▶ Problem to work on
Word for word, output the data, with none of its pictures.

Recorded data section start

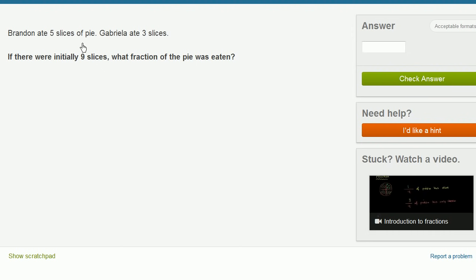Brandon ate five slices of pie. I'm just assuming it's apple pie, they didn't tell me that. Gabriela ate three slices. If there were originally nine slices, what fraction of the pie was eaten?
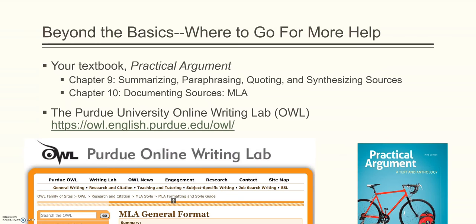That's all for today, but if you need to get beyond these basics and you have questions, your textbook contains two chapters, chapter 9 and 10, on summarizing, paraphrasing, quoting, and synthesizing sources, and on documenting sources using MLA. For more complex questions, you may want to use the Purdue University Online Writing Lab, or OWL, and there's the URL for it, and it can answer all kinds of esoteric questions on using MLA. I hope you learned something today.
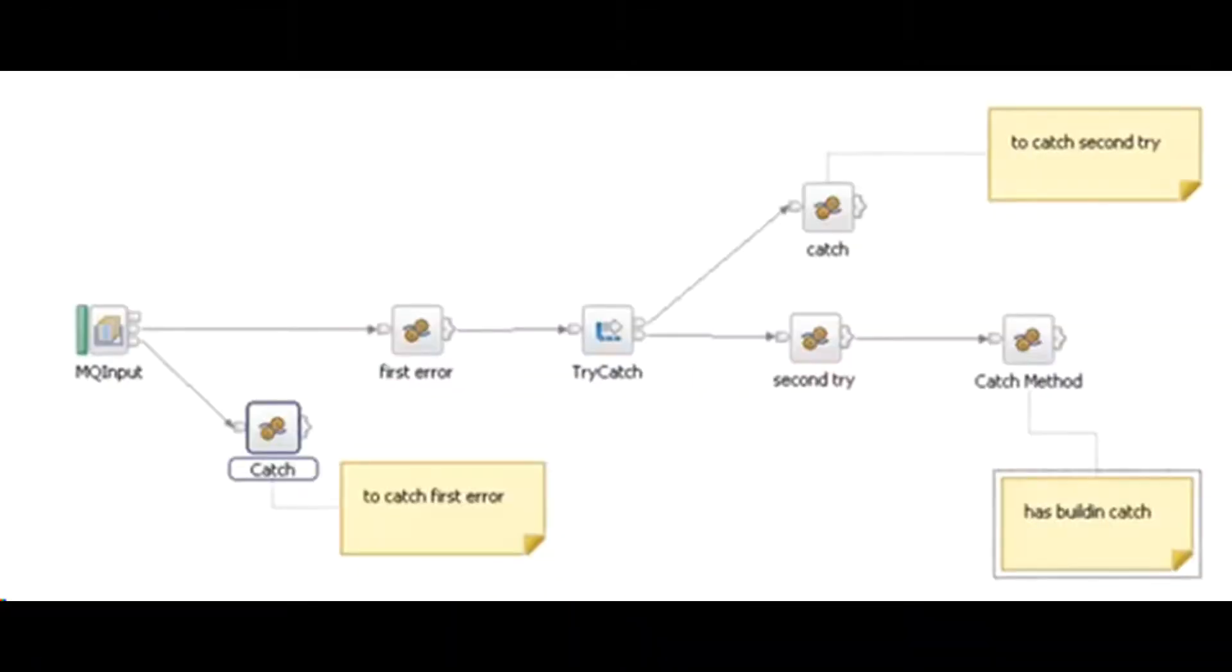The general principles of error handling are: if you connect the catch terminal of input node, you are indicating that the flow handles all the exceptions that are generated anywhere in the out flow. The integration node does not roll back a transaction unless there is an exception on the catch field.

Recorded data section end

▶ Answer for the task
Brandon ate five slices of pie. I'm just assuming it's apple pie, they didn't tell me that. Gabriela ate three slices. If there were originally nine slices, what fraction of the pie was eaten?
That's all for today, but if you need to get beyond these basics and you have questions, your textbook contains two chapters, chapter 9 and 10, on summarizing, paraphrasing, quoting, and synthesizing sources, and on documenting sources using MLA. For more complex questions, you may want to use the Purdue University Online Writing Lab, or OWL, and there's the URL for it, and it can answer all kinds of esoteric questions on using MLA. I hope you learned something today.
The general principles of error handling are: if you connect the catch terminal of input node, you are indicating that the flow handles all the exceptions that are generated anywhere in the out flow. The integration node does not roll back a transaction unless there is an exception on the catch field.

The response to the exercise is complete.